Im Wettbewerb „Auf die Plätze! Citizen Science in deiner Stadt" wurden am 20. Oktober 2022 drei Projekte ausgezeichnet. Foto: Fabienne Wehrle/WiD

Die Gewinner*innen des Wettbewerbs „Auf die Plätze - Citizen Science in deiner Stadt" stehen fest. Aus rund 50 Einreichungen wählte eine Jury drei Projekte aus, die am 20. Oktober im Rahmen einer Preisverleihung im Museum für Naturkunde Berlin ausgezeichnet wurden. Nun geht es für die Projekte in die Umsetzung.

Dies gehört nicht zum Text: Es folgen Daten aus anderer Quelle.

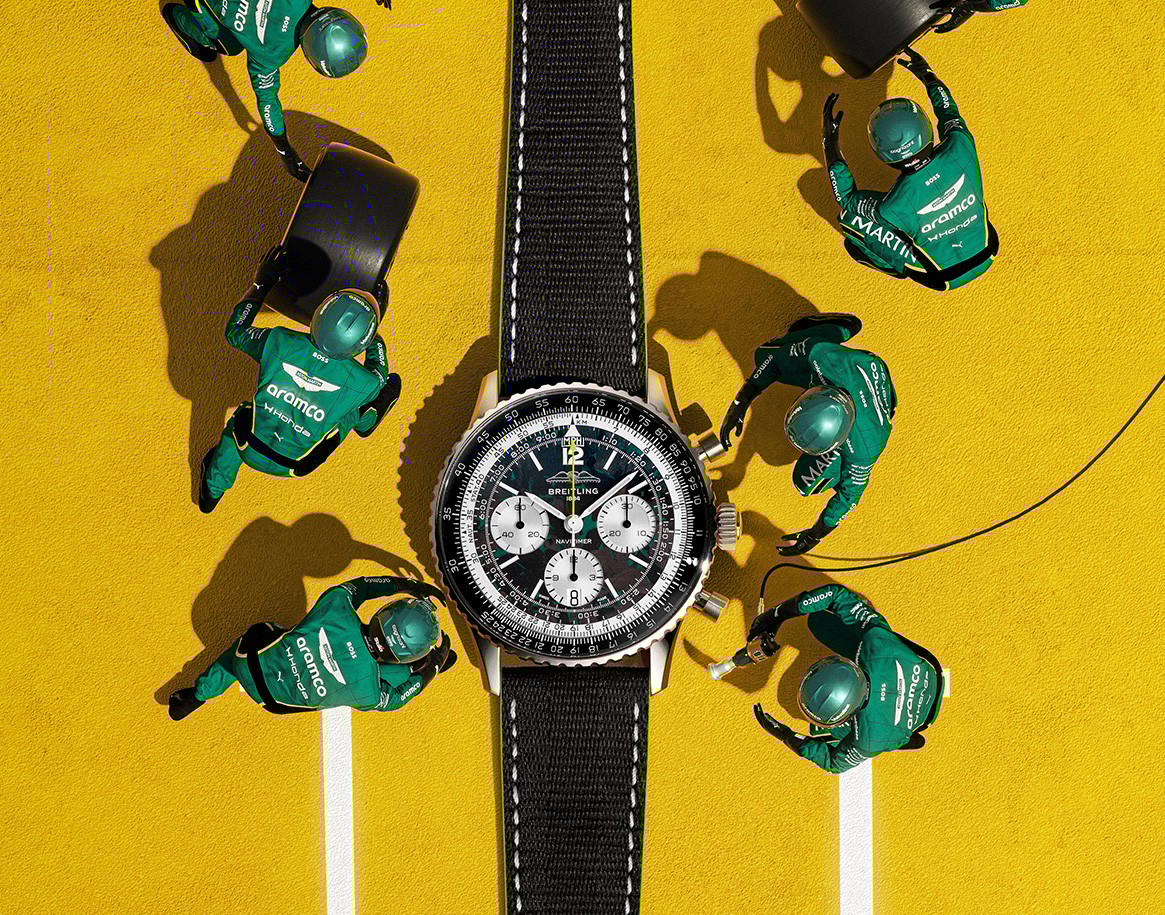 {generated} Breitling Navitimer結合Aston Martin Aramco元素正面呈現，強調其計時錶盤與黑色錶帶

Welche Ziele sollten im Wettbewerb erreicht werden?

Klimagerechtigkeit, Migration, Sprache und Vielfalt: Die Citizen-Science-Konzepte der Preisträger*innen greifen große gesellschaftliche Herausforderungen auf und binden dabei lokale Akteur*innen aktiv in die Forschung ein. Ziel des Wettbewerbs ist es, Projekte zu fördern, die die Zivilgesellschaft für die Citizen Science motivieren, nachhaltige Strukturen aufbauen und Citizen Science in Städten und Kommunen sichtbar machen.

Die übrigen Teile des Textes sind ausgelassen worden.